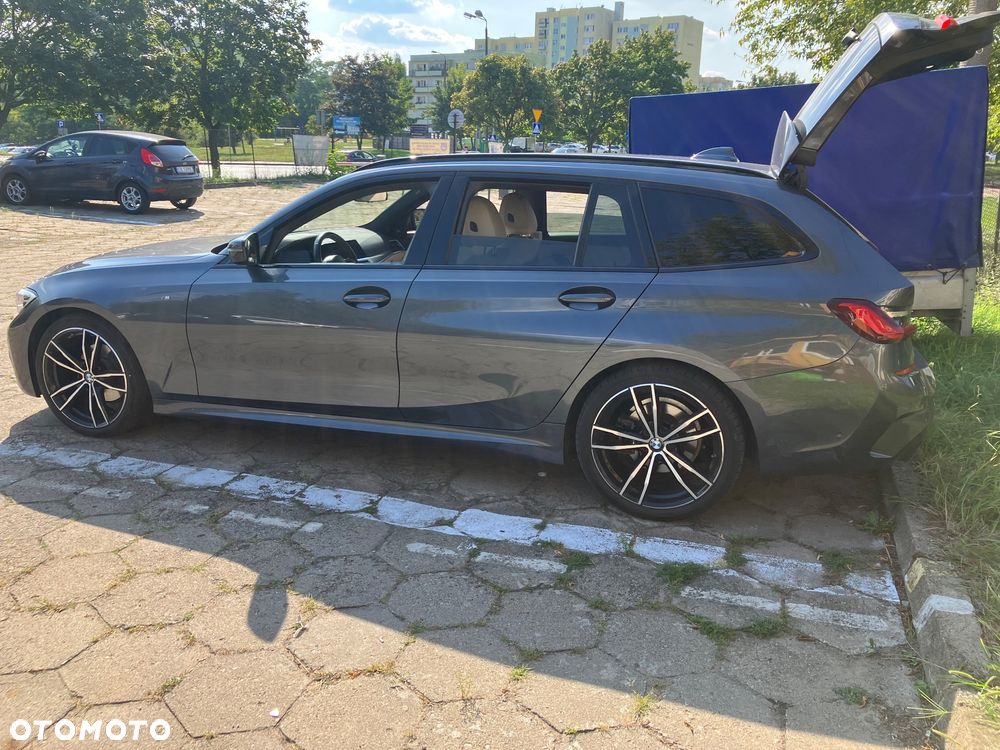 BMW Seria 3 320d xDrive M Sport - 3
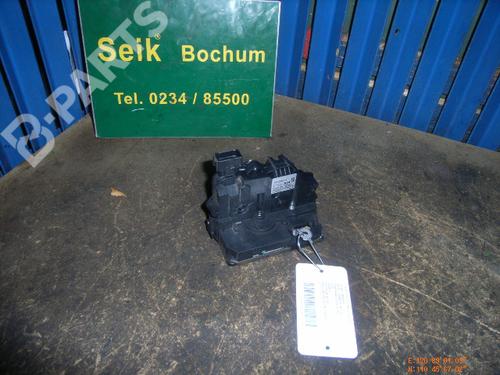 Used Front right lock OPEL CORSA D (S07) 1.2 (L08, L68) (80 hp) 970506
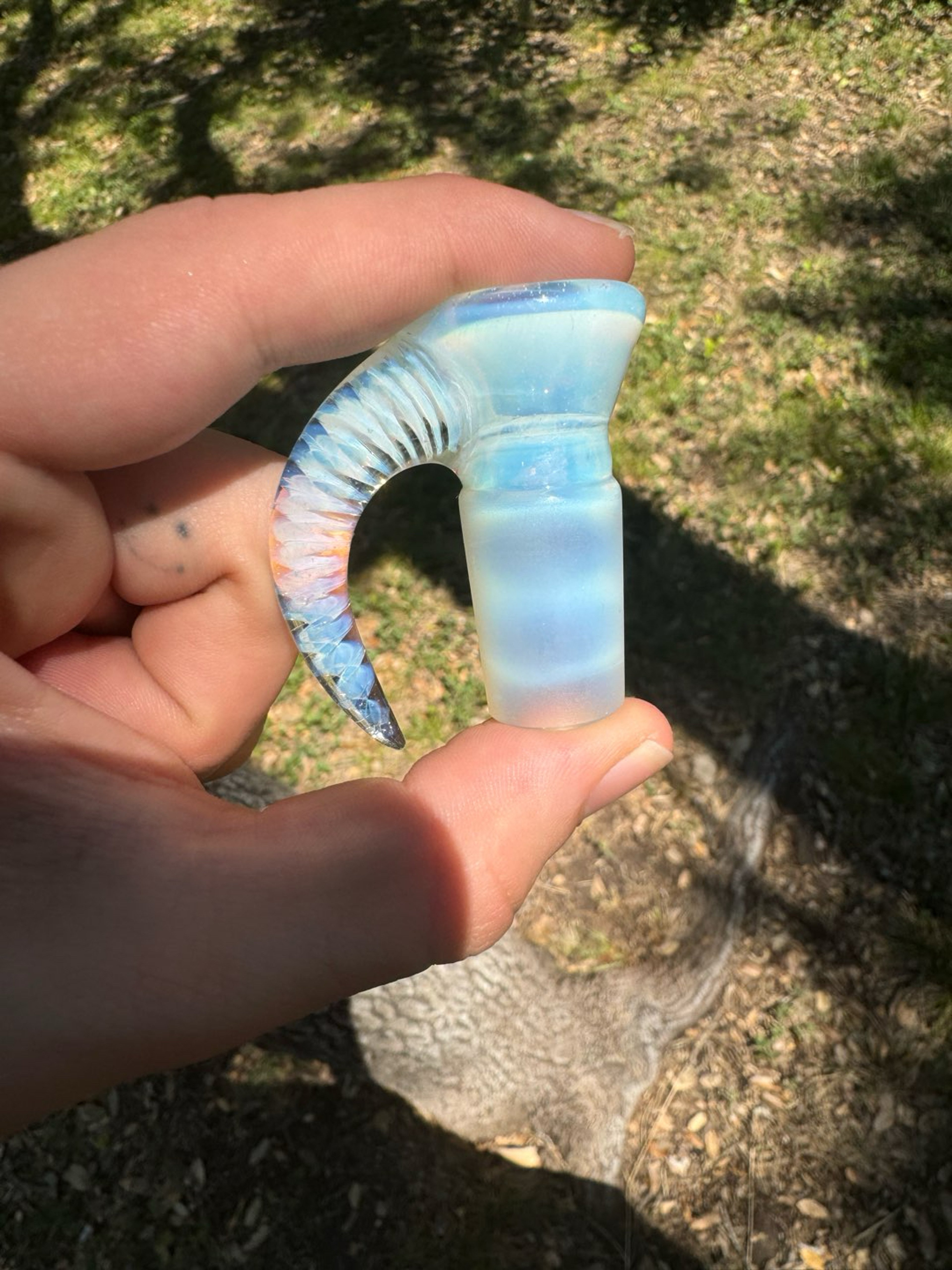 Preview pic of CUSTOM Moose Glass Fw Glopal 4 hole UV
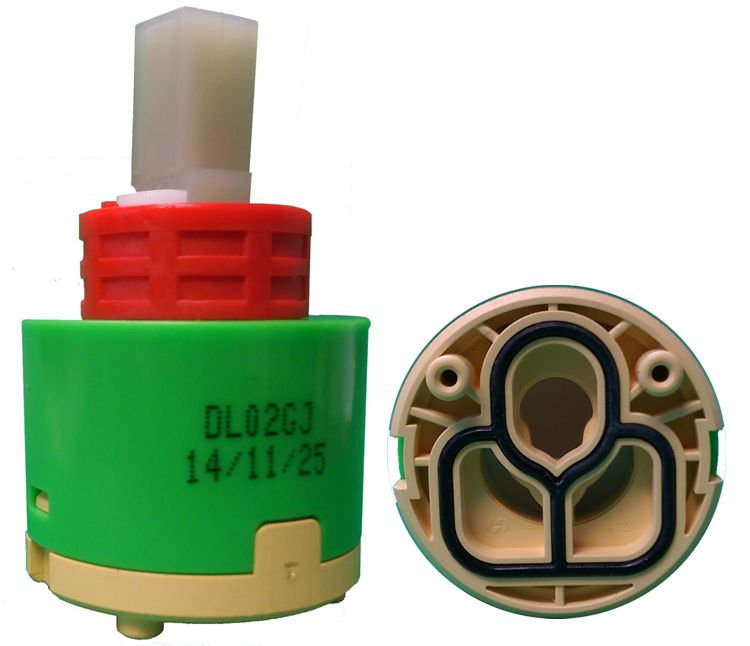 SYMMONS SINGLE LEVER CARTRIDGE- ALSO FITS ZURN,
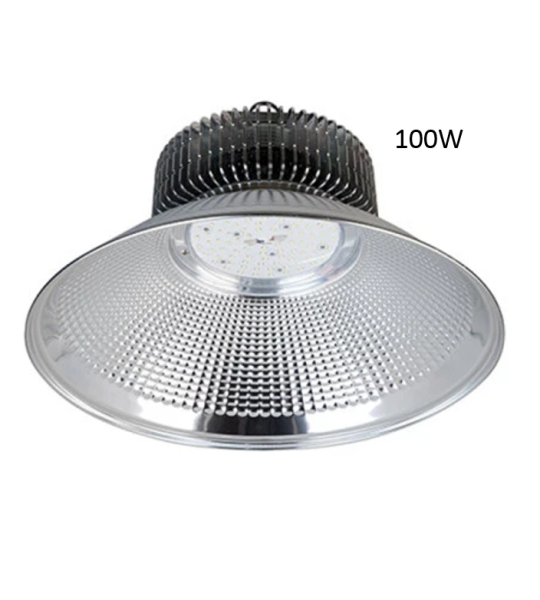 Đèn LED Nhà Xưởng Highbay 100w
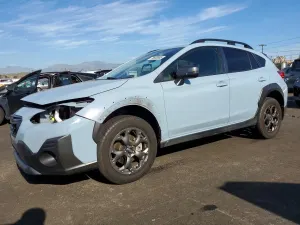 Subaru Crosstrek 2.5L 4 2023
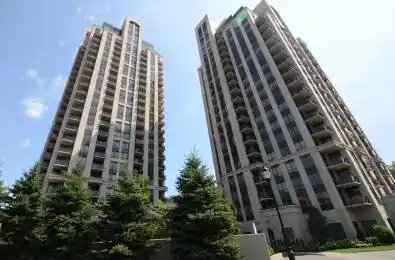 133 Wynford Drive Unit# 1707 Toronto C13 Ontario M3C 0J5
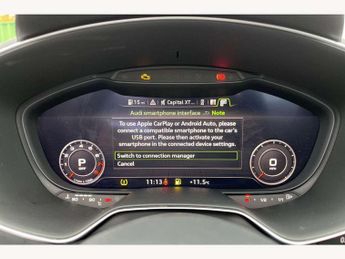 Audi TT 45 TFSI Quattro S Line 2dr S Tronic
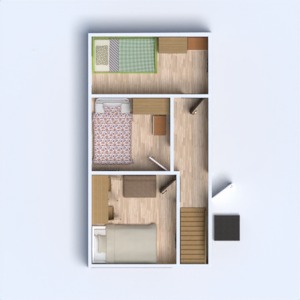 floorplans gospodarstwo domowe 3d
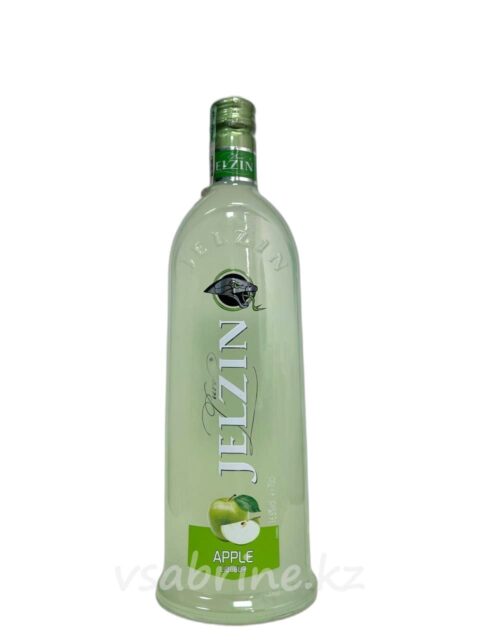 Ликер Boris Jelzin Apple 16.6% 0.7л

# [To do]
An exact copy of all the records, free of pictures, is the expected answer.

# [Task solution]
 BMW Seria 3 320d xDrive M Sport - 3
 Used Front right lock OPEL CORSA D (S07) 1.2 (L08, L68) (80 hp) 970506
 Preview pic of CUSTOM Moose Glass Fw Glopal 4 hole UV
 SYMMONS SINGLE LEVER CARTRIDGE- ALSO FITS ZURN,
 Đèn LED Nhà Xưởng Highbay 100w
 Subaru Crosstrek 2.5L 4 2023
 133 Wynford Drive Unit# 1707 Toronto C13 Ontario M3C 0J5
 Audi TT 45 TFSI Quattro S Line 2dr S Tronic
 floorplans gospodarstwo domowe 3d
 Ликер Boris Jelzin Apple 16.6% 0.7л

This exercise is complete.